- Opening Delimiter -
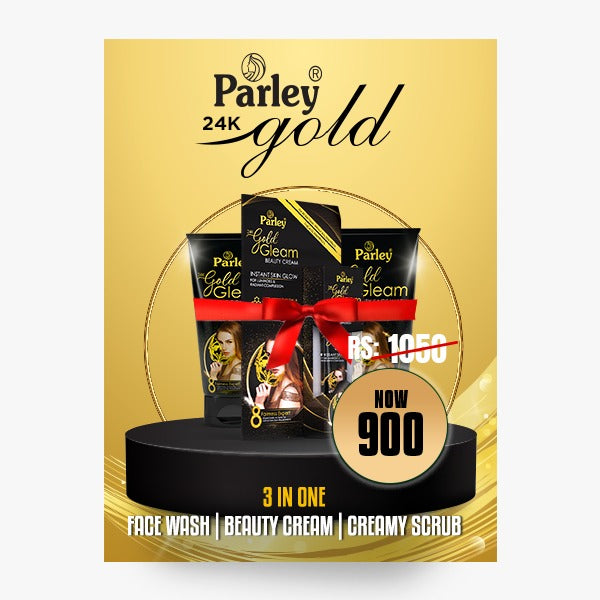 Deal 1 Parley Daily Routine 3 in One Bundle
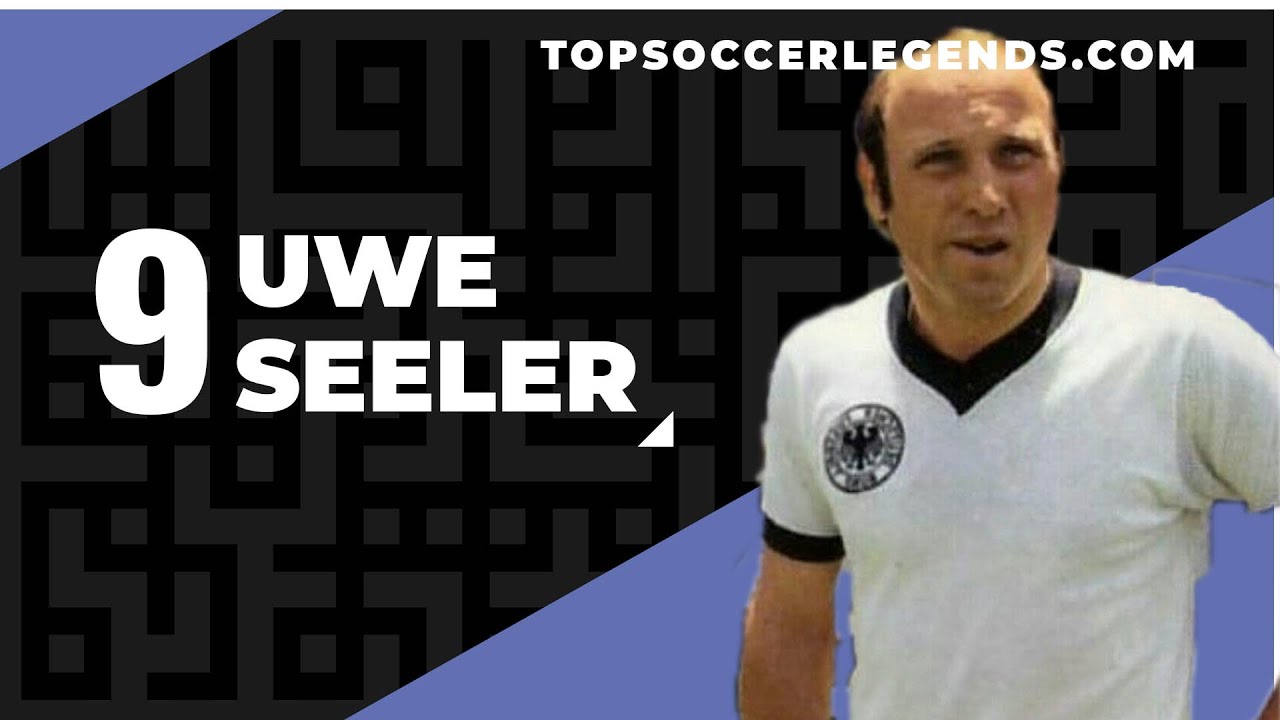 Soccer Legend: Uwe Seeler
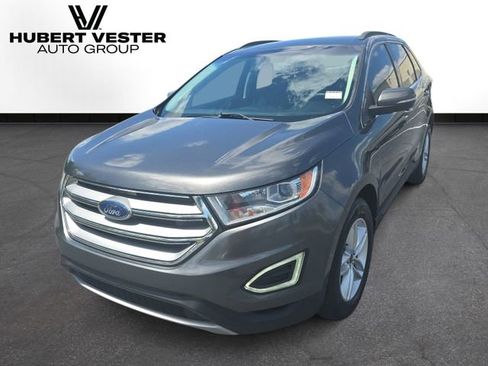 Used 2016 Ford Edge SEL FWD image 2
- Closing Delimiter -
Required action: To complete the exercise, return the listing above exactly and omit its pictures.

Exercise result:
 Deal 1 Parley Daily Routine 3 in One Bundle
 Soccer Legend: Uwe Seeler
 Used 2016 Ford Edge SEL FWD image 2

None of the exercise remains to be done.